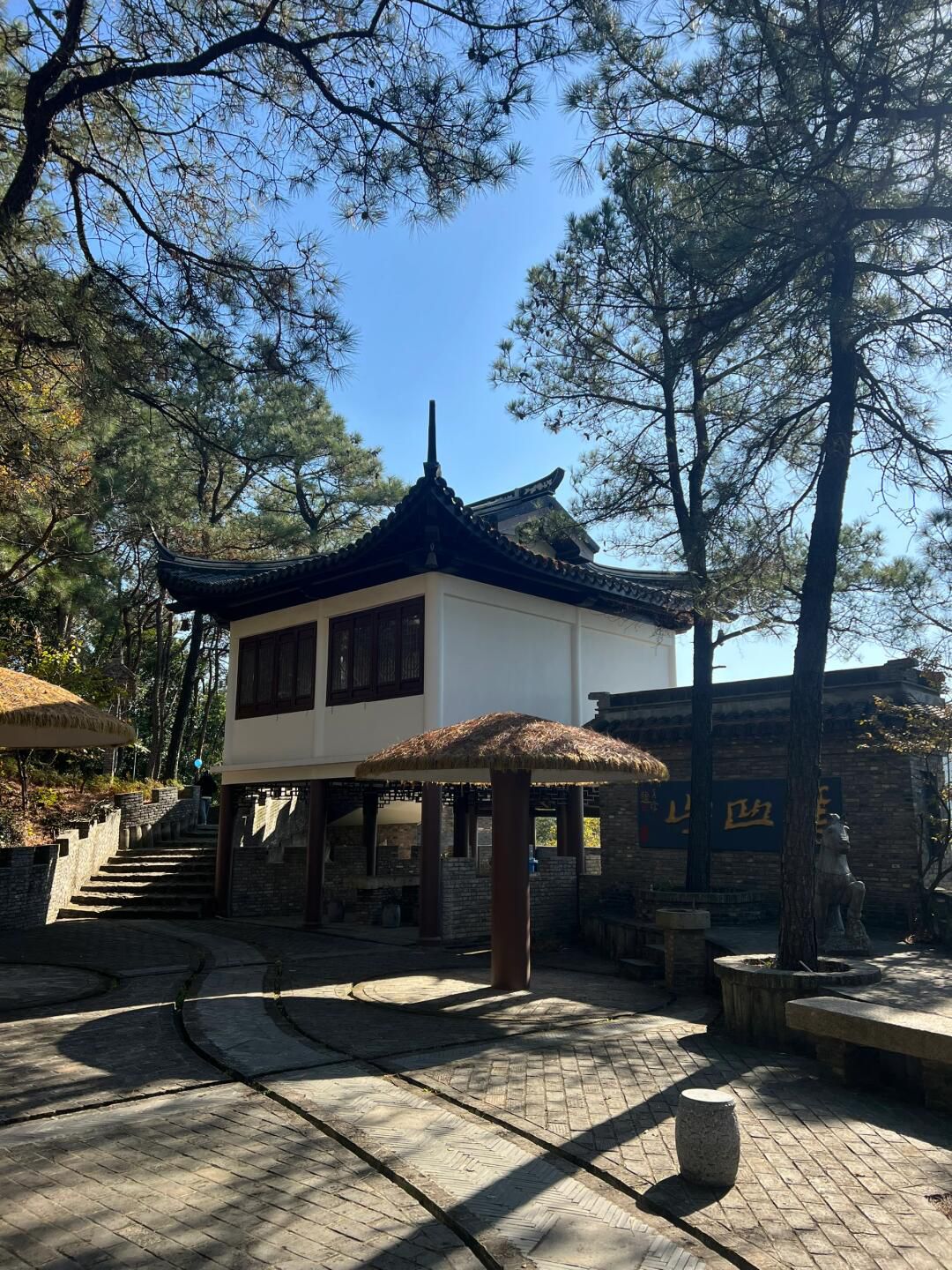 舜过山森林公园旅行图片 3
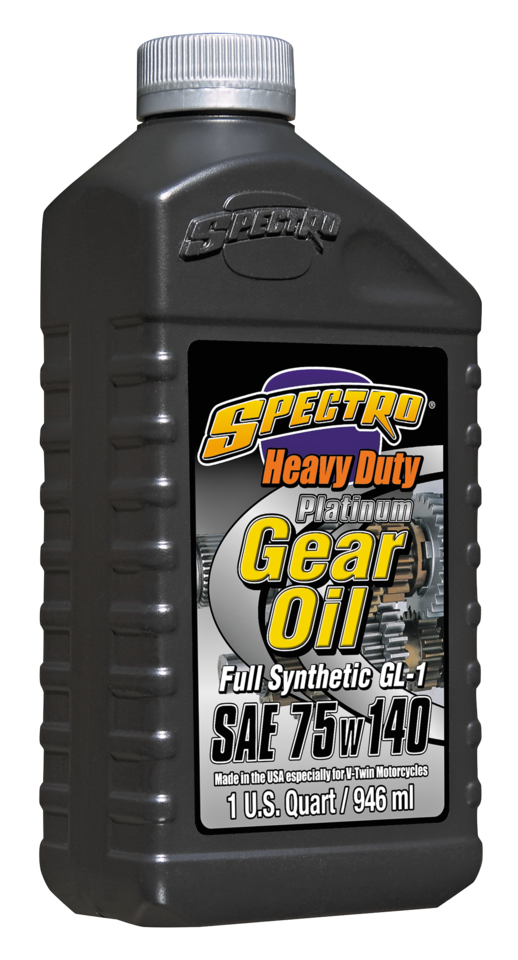 .946Ltr SPECTRO Synt Transmission Oil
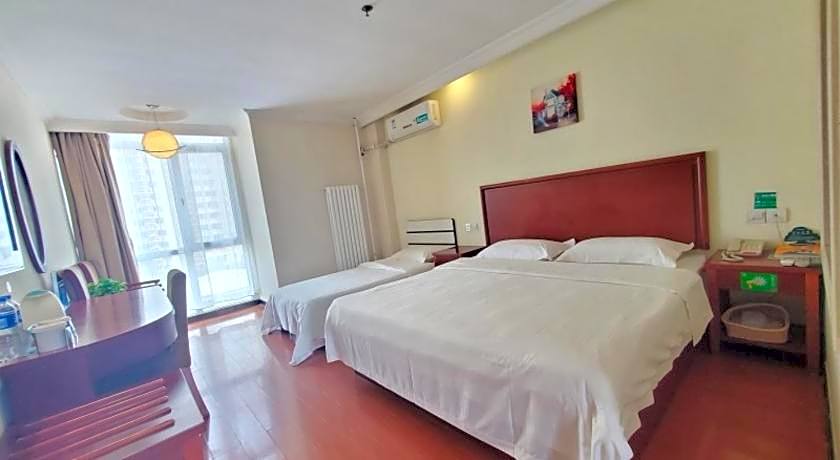 GreenTree Inn Beijing Haidian District Xisanqi Bridge Hotel – Beijing, NY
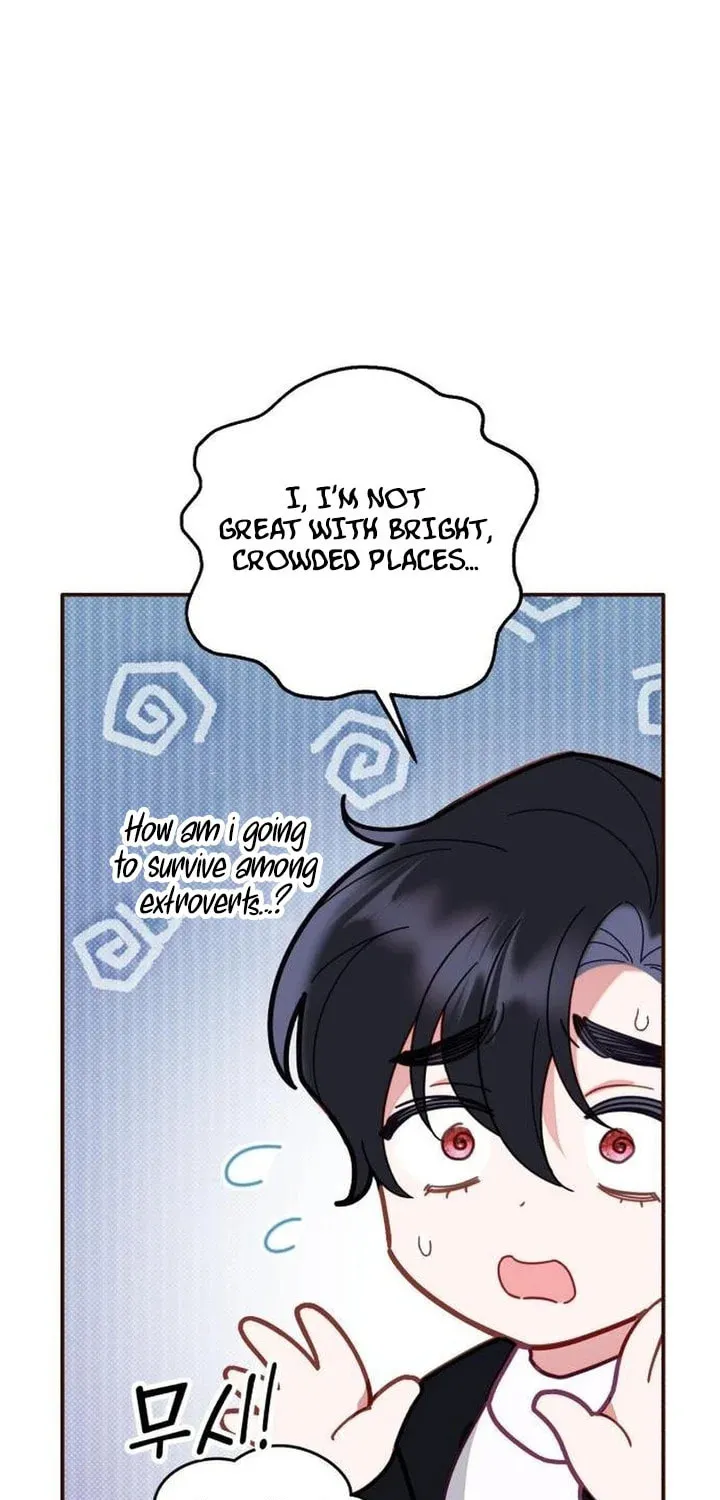 Protect the fake Saint Chapter 4 page 25 - 
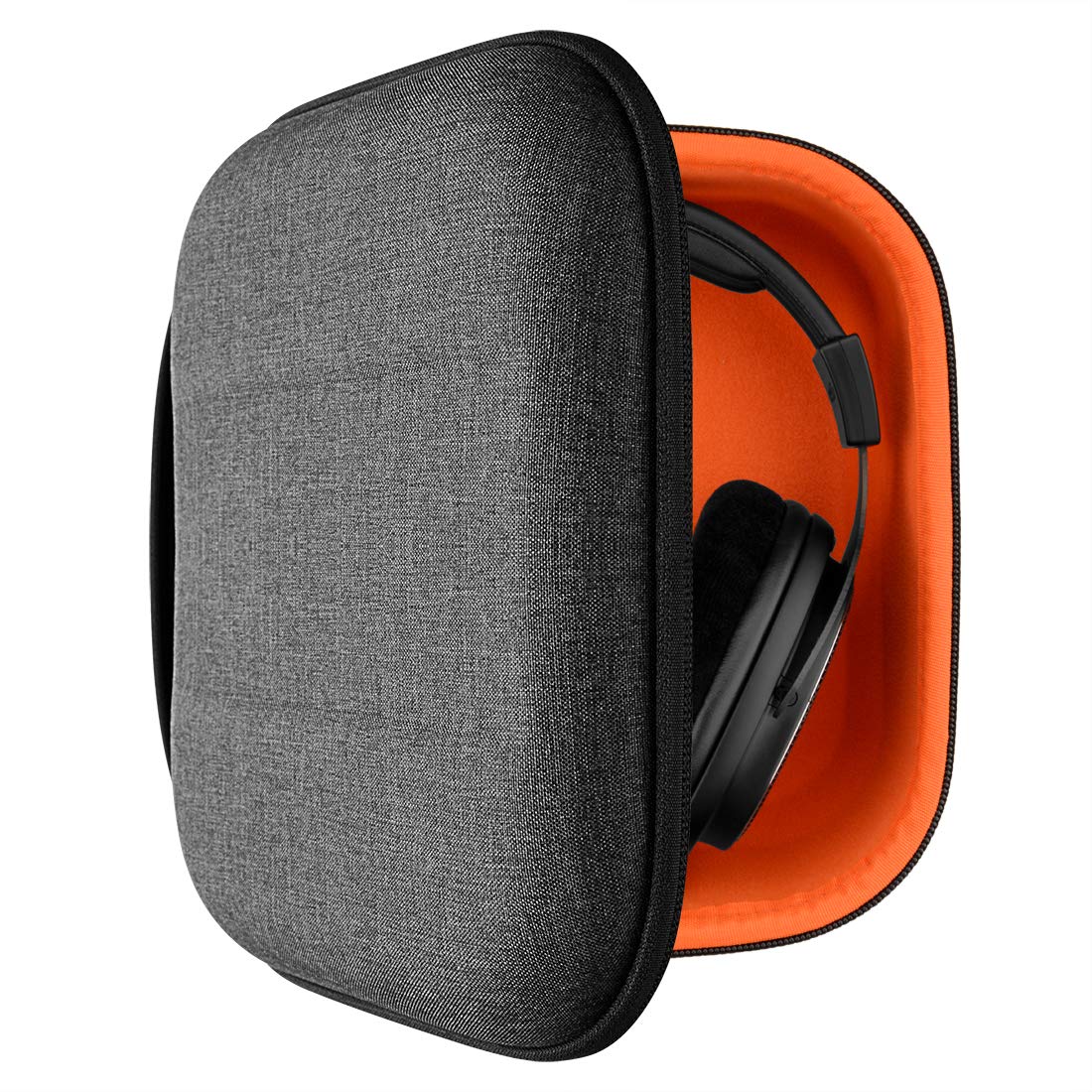Geekria ケース Shield ヘッドホンケース 互換性 ハードケース 旅行用 ハードシェルケース ソニー Sony PS4, INZONE H3, INZONE H5, INZONE H7, INZONE H9, WH-G900N, WH-G700
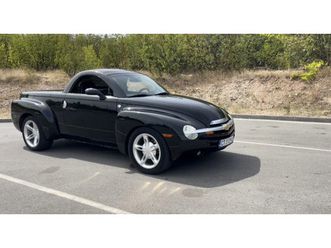 chevrolet ssr 5.3 v8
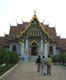 Thai Temple and Monastery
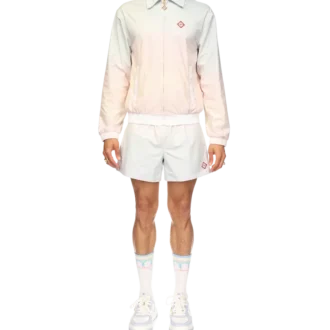 Gradient Laser Detail Track Jacket Gradient Laser Detail Track Jacket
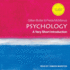 Psychology: a Very Short Introduction (the Very Short Introductions Series)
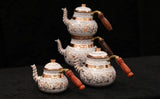 La Tienda De Pepe | Special White Copper Teapot - TryAladdin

============================================================

▶ _TO DO_
All of the entries above should be copied exactly, with the images left out.

▶ _ANSWER FOR THIS EXERCISE_
 舜过山森林公园旅行图片 3
 .946Ltr SPECTRO Synt Transmission Oil
 GreenTree Inn Beijing Haidian District Xisanqi Bridge Hotel – Beijing, NY
 Protect the fake Saint Chapter 4 page 25 - 
Geekria ケース Shield ヘッドホンケース 互換性 ハードケース 旅行用 ハードシェルケース ソニー Sony PS4, INZONE H3, INZONE H5, INZONE H7, INZONE H9, WH-G900N, WH-G700
 chevrolet ssr 5.3 v8
 Thai Temple and Monastery
 Gradient Laser Detail Track Jacket Gradient Laser Detail Track Jacket
 Psychology: a Very Short Introduction (the Very Short Introductions Series)
 La Tienda De Pepe | Special White Copper Teapot - TryAladdin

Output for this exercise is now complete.